Material to process: Begin

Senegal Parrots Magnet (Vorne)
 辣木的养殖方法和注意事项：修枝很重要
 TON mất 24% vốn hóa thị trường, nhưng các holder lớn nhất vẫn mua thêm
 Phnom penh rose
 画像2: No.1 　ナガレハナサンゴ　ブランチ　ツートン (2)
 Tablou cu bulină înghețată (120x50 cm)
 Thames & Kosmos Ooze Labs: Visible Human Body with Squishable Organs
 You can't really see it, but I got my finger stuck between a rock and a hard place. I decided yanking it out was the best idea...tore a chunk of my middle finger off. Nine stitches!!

Material to process: End

> To do
Starting with the first line of the entries and ending with the line that has "Thames & Kosmos", copy each line exactly and add nothing.

> Response to this task
Senegal Parrots Magnet (Vorne)
 辣木的养殖方法和注意事项：修枝很重要
 TON mất 24% vốn hóa thị trường, nhưng các holder lớn nhất vẫn mua thêm
 Phnom penh rose
 画像2: No.1 　ナガレハナサンゴ　ブランチ　ツートン (2)
 Tablou cu bulină înghețată (120x50 cm)
 Thames & Kosmos Ooze Labs: Visible Human Body with Squishable Organs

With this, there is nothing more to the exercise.